• Source data:
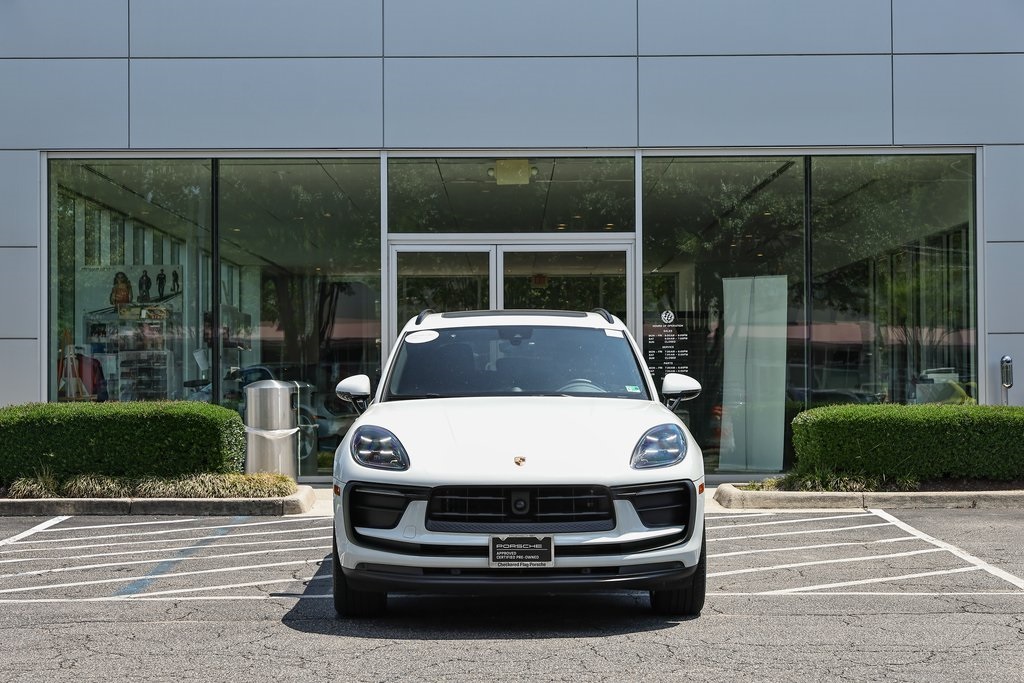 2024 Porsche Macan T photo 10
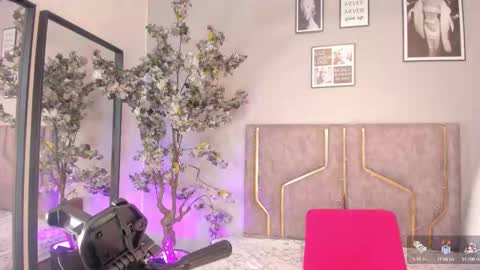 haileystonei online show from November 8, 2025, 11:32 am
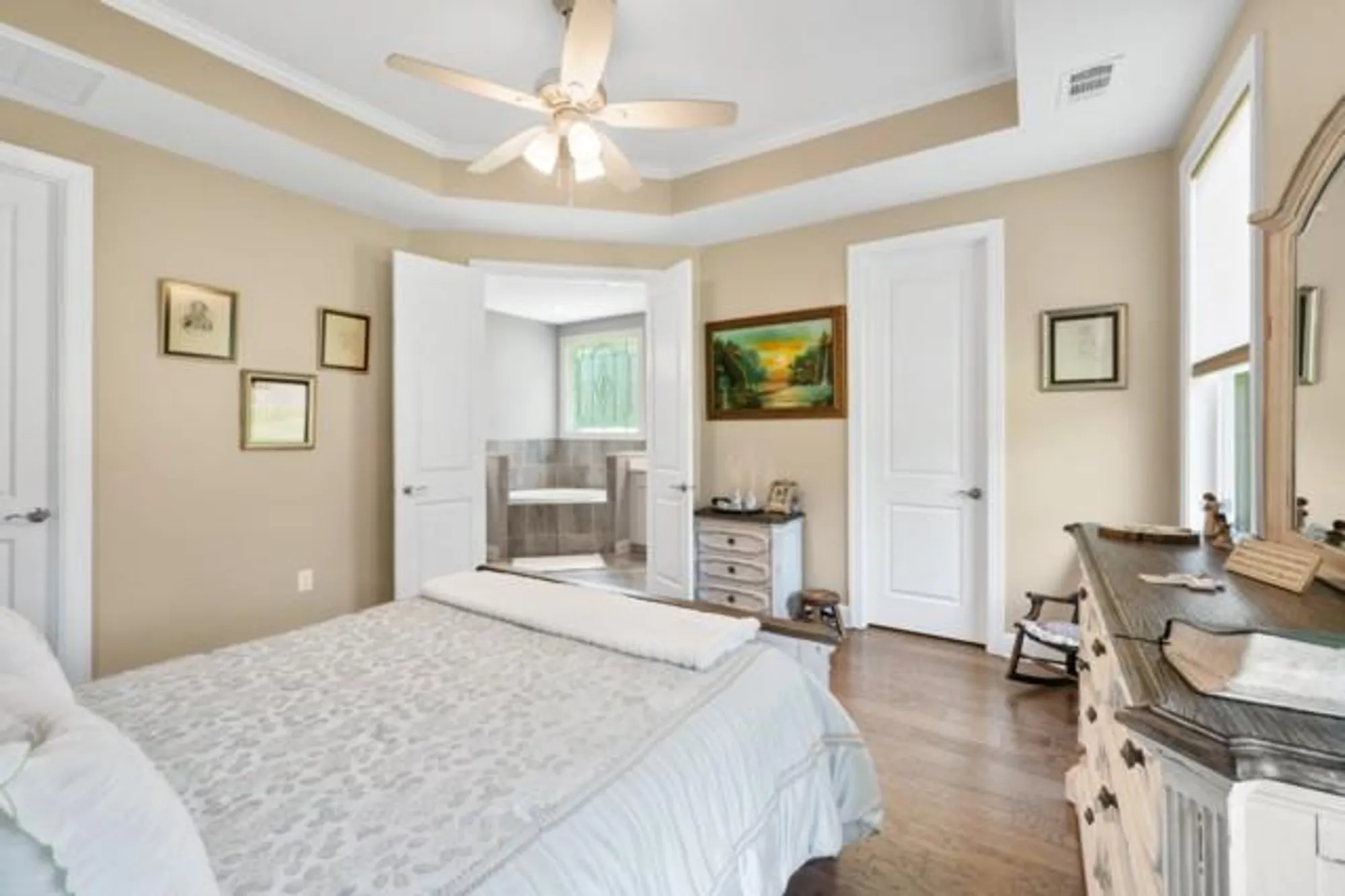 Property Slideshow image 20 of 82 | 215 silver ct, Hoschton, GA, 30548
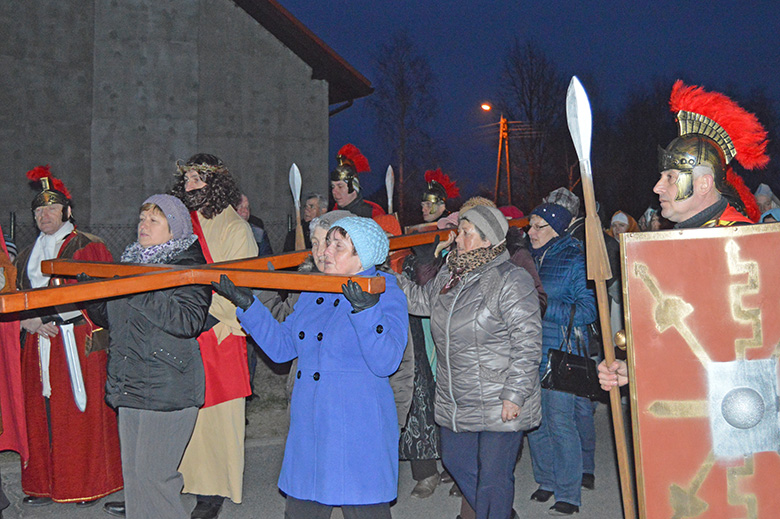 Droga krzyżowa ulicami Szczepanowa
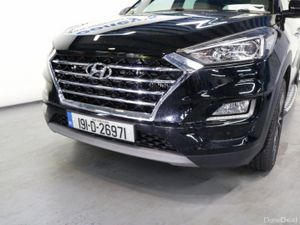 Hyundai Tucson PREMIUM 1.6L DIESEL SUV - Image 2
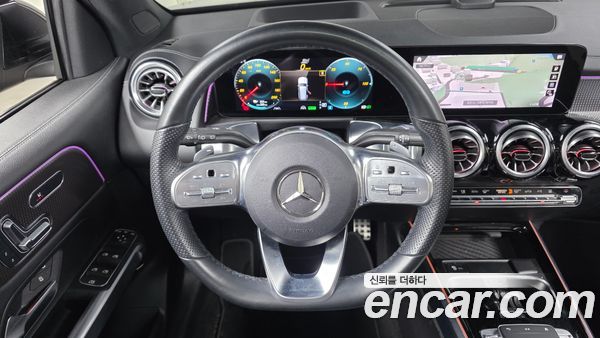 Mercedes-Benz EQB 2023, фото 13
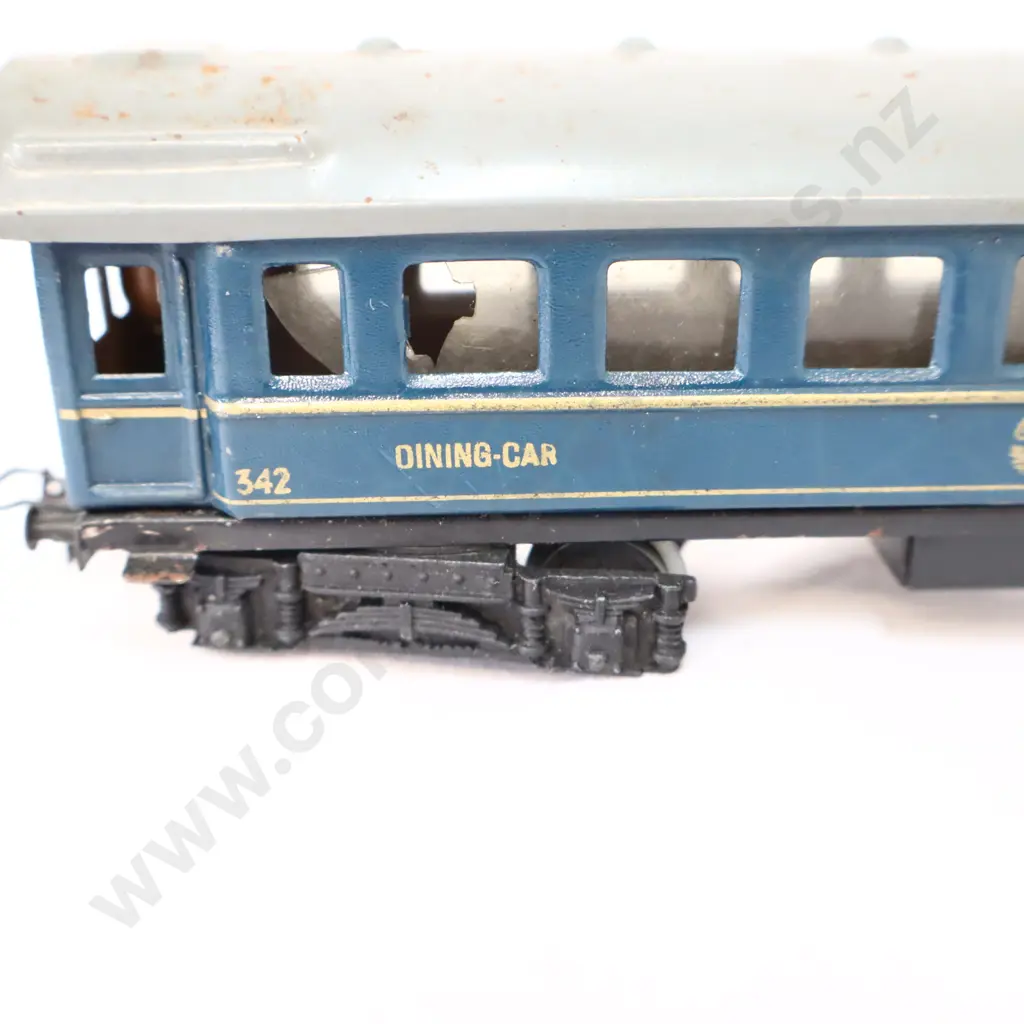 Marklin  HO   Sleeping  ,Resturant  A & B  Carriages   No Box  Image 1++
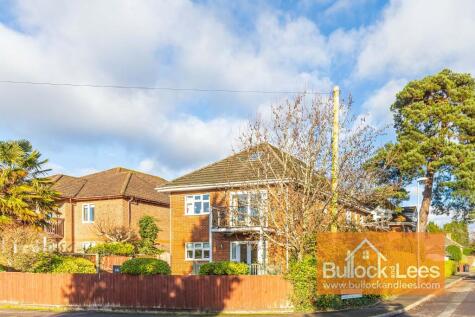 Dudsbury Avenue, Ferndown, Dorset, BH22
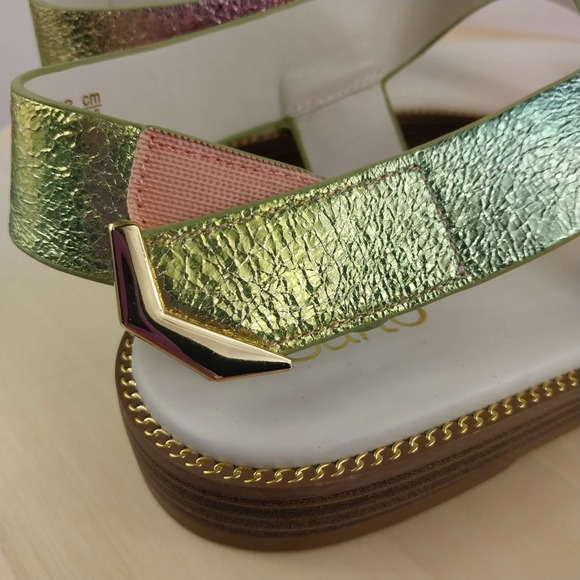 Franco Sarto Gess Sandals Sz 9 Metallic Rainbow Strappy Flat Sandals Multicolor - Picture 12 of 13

• Exercise aim: Skip the pictures. Return exactly the lines from the one containing "haileystonei online show" through the end of the data above, both included, and nothing besides.

• Output below:
 haileystonei online show from November 8, 2025, 11:32 am
 Property Slideshow image 20 of 82 | 215 silver ct, Hoschton, GA, 30548
 Droga krzyżowa ulicami Szczepanowa
 Hyundai Tucson PREMIUM 1.6L DIESEL SUV - Image 2
 Mercedes-Benz EQB 2023, фото 13
 Marklin  HO   Sleeping  ,Resturant  A & B  Carriages   No Box  Image 1++
 Dudsbury Avenue, Ferndown, Dorset, BH22
 Franco Sarto Gess Sandals Sz 9 Metallic Rainbow Strappy Flat Sandals Multicolor - Picture 12 of 13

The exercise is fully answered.